One interesting thing that I've always found about the film business from an economic point of view is that unlike in any other business I can think of, the cost of manufacturing the product has no affect on the purchase cost to the consumer. For example Honda can make a cheaper car with less features and cheaper finishes than BMW without losing all of their customers to the superior car because they sell their product for less. You spend less to make something, you charge less for it. Makes complete and obvious sense. Not so in the film business. I am an independent film producer and I make films that typically cost somewhere between $5M and $10M. But when I make, say, an $8M film it has to compete at the same price level as the studios' $80M or $100M film. It costs the consumer the same $12 at the multiplex (and whatever it costs to rent a DVD from Blockbuster these days) for either film. There is no price advantage to the consumer for choosing to see a less expensive film. This naturally makes it terribly difficult for smaller films to find an audience.
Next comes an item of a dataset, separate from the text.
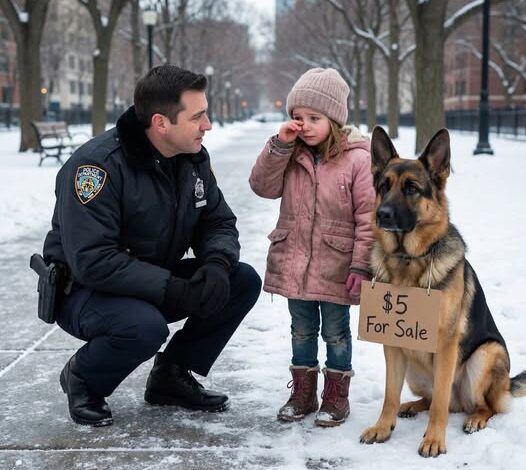 Sir, Can You Buy My Dads Police Dog? What the Officer Did Next Changed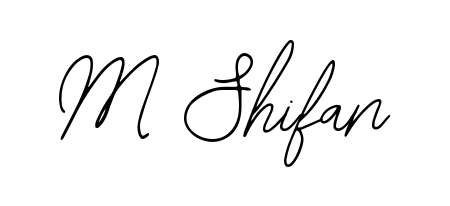 Generate high-definition signature styles for M Shifan. The Bearetta-2O07w typeface ensures crisp legibility and sophisticated design. M Shifan signature style 12 images and pictures png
I find this quite fascinating and I can't readily think of another industry like it.
A few years ago Edgar Bronfman Jr, during the time his family briefly owned the Universal film studio, suggested that theaters actually charge different admission prices for different pictures so those films that cost less to make had correspondingly lower ticket prices than the mega-budget studio pictures. He was roundly ridiculed by the industry. But truth be told I actually think the less-the-warm reception his proposal received had more to do with the fact he was an 'outsider' who had bought his way into Hollywood than on the actual merit of the idea itself. Sound like good economic practice to me.